Ru-embedded 3D g-C3N4 hollow nanosheets (3D CNHNS) with proficient charge transfer for stimulating photocatalytic H2 production

Abstract

In the recent development of structured materials, efficient and low-cost materials are highly demanding for hydrogen production. In this work, novel 3D graphitic carbon nitride hollow nanosheets (CNHNS) with controlled morphology loaded with Ru for photocatalytic hydrogen production has been investigated. Compared to CN, CNHNS improves H2 evolution of 2 times due to hollow structure with higher light absorption and proficient separation of charges within 3D structure. The highest H2 evolution was attained over 3% Ru loaded CNHNS with yield rate of 1580 μmol g−1 h−1, which was 11.9 times higher than it was evolved over CNHNS and 15.1 times more than using CN, respectively.

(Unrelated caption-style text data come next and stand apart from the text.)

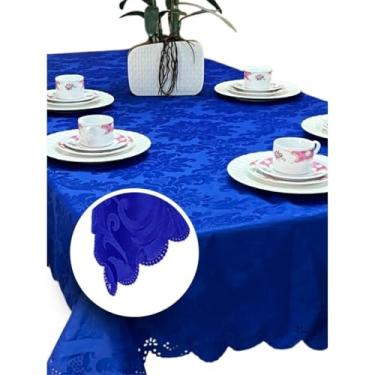 Imagem de Toalhas de mesa decorativas com estampado Jacquard - Disponíveis em modelos para 4/6/8/10/12/14 pessoas, adequadas tanto para uso doméstico como para eventos. (2,00 METROS (6 LUGARES),AZUL ROYAL)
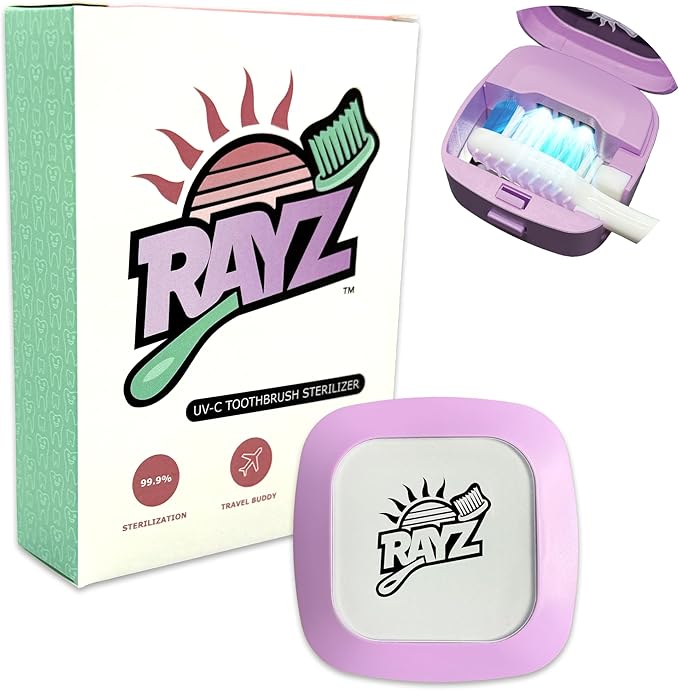 Rayz UV-C Toothbrush Sanitizer | Portable & Rechargeable | 99.9% Sanitization in 3 Minutes | Wall Mountable, Travel-Friendly & TSA-Approved (Lavender)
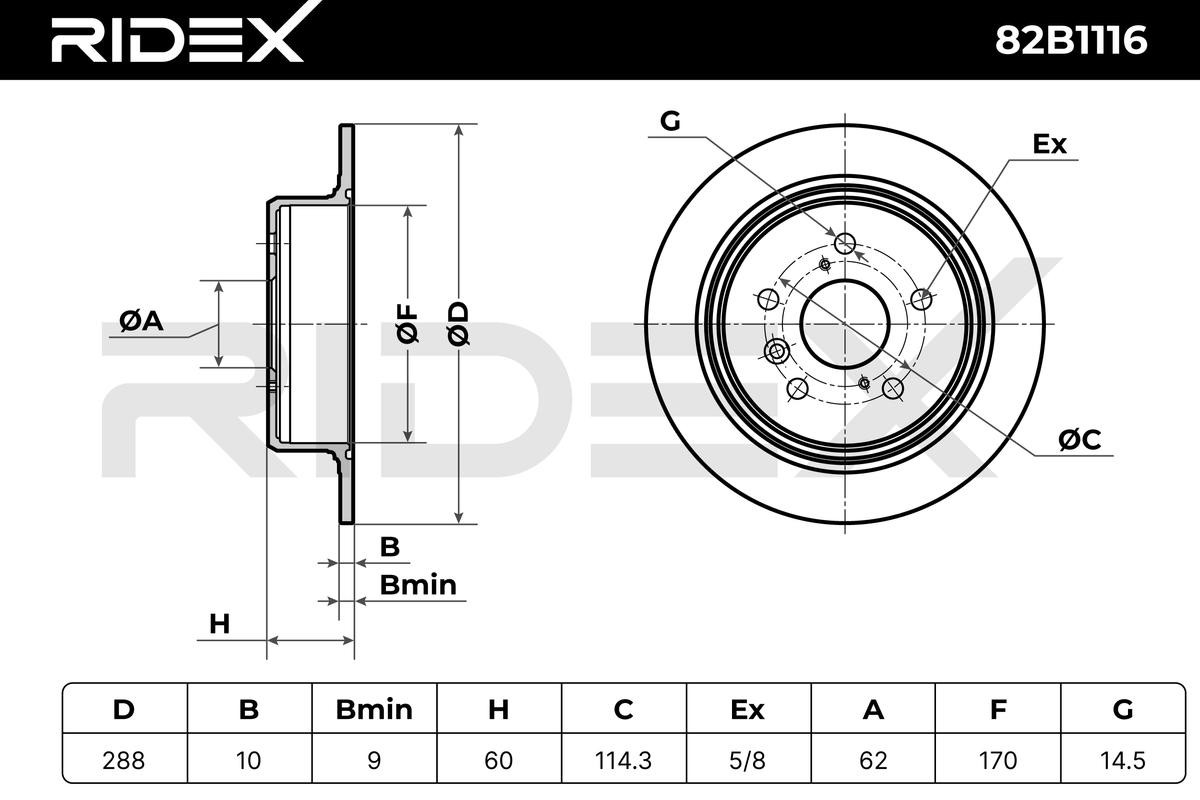 OEM-quality RIDEX 82B1116 Brake rotor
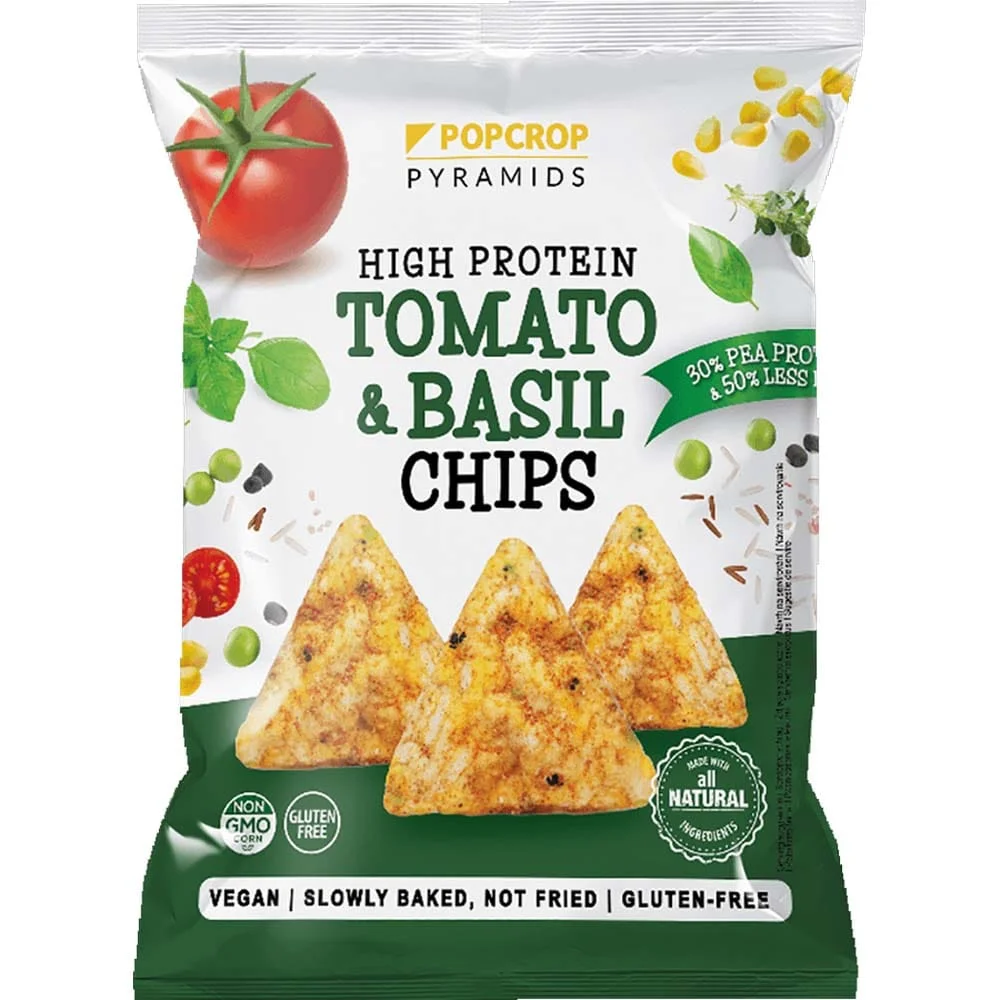 Φωτογραφία προϊόντος: OEM Vegan Chips Πρωτεΐνης με Τομάτα & Βασιλικό 60g Popcrop Χωρίς Γλουτένη 221030204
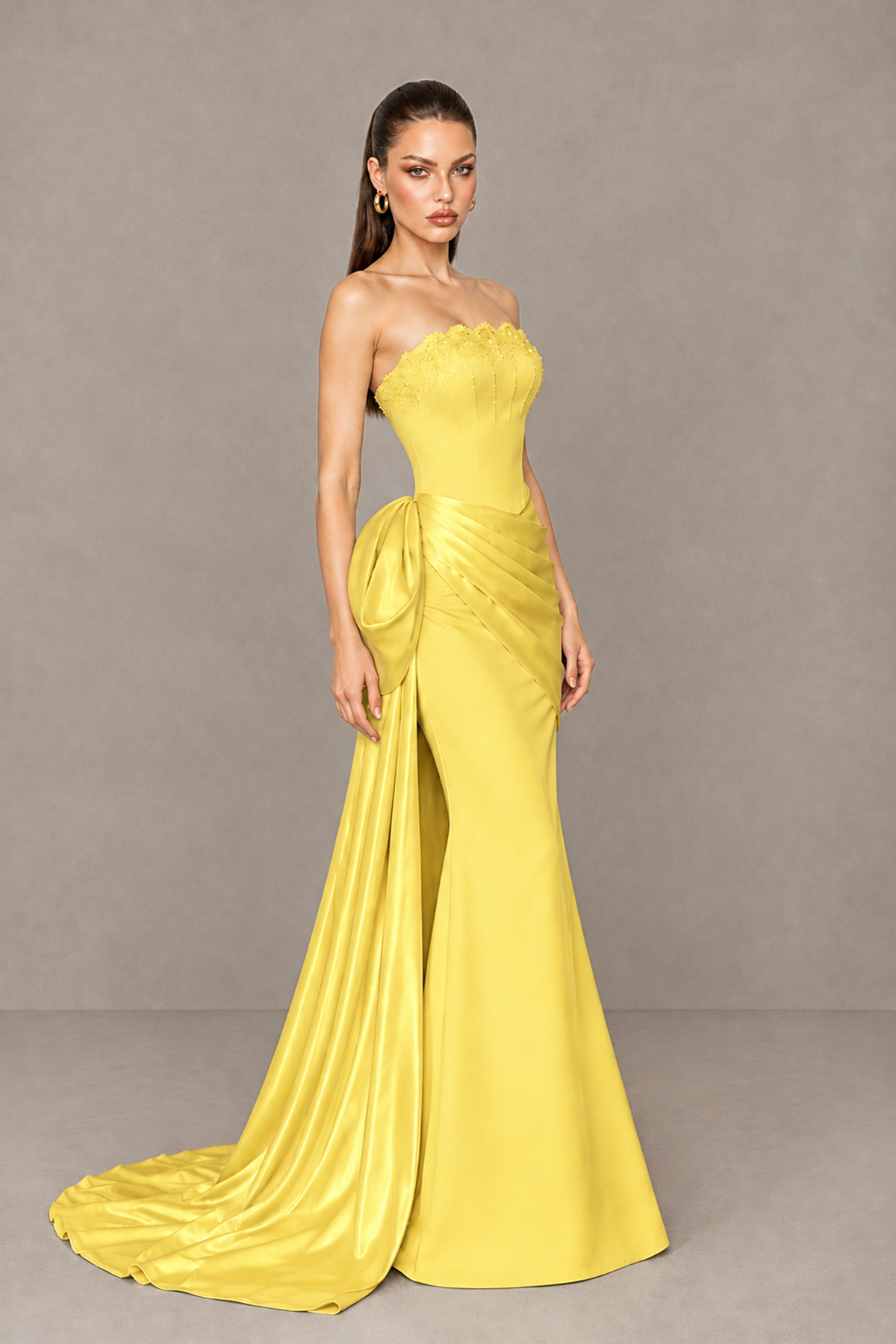 BOLODOO Yellow Strapless Satin Prom Dress with Draped Side Train - Yellow - Yellow_3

This obvious augmented photoactivity can be assigned to boosted charges separation in hollow structure, whereas, Ru further promoted the transfer of electrons. The performance of 3D Ru/CNHNS was further increased in an externally reflected solar system, which was 1.30 times more than using photoreactor without reflector. This was evidently due to increasing light intensity inside the reactor by reflecting light, thus, promoting quantum efficiency under the same source of light. The stability results further confirm continuous H2 evolution even after six cycles. Thus, newly developed method for synthesis of hierarchical 3D hollow structures and externally reflector solar photoreactor will provide new directions for hydrogen production systems.